=== To do ===
For every line below, set down an identical copy.

[Records excerpted from a collection]
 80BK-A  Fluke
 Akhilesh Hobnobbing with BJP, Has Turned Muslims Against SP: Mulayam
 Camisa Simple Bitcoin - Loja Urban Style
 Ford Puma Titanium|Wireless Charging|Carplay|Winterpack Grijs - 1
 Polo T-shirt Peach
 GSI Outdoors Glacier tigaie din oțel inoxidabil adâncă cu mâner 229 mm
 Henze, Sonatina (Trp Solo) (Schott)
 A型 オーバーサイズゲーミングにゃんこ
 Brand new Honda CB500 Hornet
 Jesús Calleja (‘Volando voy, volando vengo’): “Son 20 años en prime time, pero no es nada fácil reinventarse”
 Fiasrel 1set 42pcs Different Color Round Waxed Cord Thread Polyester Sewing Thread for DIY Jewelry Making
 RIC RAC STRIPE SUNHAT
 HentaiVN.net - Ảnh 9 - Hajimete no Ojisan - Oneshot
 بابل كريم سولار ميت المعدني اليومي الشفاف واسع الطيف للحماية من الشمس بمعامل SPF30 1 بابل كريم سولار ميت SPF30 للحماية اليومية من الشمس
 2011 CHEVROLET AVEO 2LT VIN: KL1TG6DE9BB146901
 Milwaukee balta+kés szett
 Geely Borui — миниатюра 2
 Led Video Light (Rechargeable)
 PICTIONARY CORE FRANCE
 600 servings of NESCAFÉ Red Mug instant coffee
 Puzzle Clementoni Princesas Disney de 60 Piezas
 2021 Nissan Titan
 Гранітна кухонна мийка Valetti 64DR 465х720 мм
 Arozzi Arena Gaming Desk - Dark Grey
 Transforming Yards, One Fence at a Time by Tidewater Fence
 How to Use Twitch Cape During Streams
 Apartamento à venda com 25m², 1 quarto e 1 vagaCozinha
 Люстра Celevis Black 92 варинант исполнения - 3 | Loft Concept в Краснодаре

=== Exercise response ===
 80BK-A  Fluke
 Akhilesh Hobnobbing with BJP, Has Turned Muslims Against SP: Mulayam
 Camisa Simple Bitcoin - Loja Urban Style
 Ford Puma Titanium|Wireless Charging|Carplay|Winterpack Grijs - 1
 Polo T-shirt Peach
 GSI Outdoors Glacier tigaie din oțel inoxidabil adâncă cu mâner 229 mm
 Henze, Sonatina (Trp Solo) (Schott)
 A型 オーバーサイズゲーミングにゃんこ
 Brand new Honda CB500 Hornet
 Jesús Calleja (‘Volando voy, volando vengo’): “Son 20 años en prime time, pero no es nada fácil reinventarse”
 Fiasrel 1set 42pcs Different Color Round Waxed Cord Thread Polyester Sewing Thread for DIY Jewelry Making
 RIC RAC STRIPE SUNHAT
 HentaiVN.net - Ảnh 9 - Hajimete no Ojisan - Oneshot
 بابل كريم سولار ميت المعدني اليومي الشفاف واسع الطيف للحماية من الشمس بمعامل SPF30 1 بابل كريم سولار ميت SPF30 للحماية اليومية من الشمس
 2011 CHEVROLET AVEO 2LT VIN: KL1TG6DE9BB146901
 Milwaukee balta+kés szett
 Geely Borui — миниатюра 2
 Led Video Light (Rechargeable)
 PICTIONARY CORE FRANCE
 600 servings of NESCAFÉ Red Mug instant coffee
 Puzzle Clementoni Princesas Disney de 60 Piezas
 2021 Nissan Titan
 Гранітна кухонна мийка Valetti 64DR 465х720 мм
 Arozzi Arena Gaming Desk - Dark Grey
 Transforming Yards, One Fence at a Time by Tidewater Fence
 How to Use Twitch Cape During Streams
 Apartamento à venda com 25m², 1 quarto e 1 vagaCozinha
 Люстра Celevis Black 92 варинант исполнения - 3 | Loft Concept в Краснодаре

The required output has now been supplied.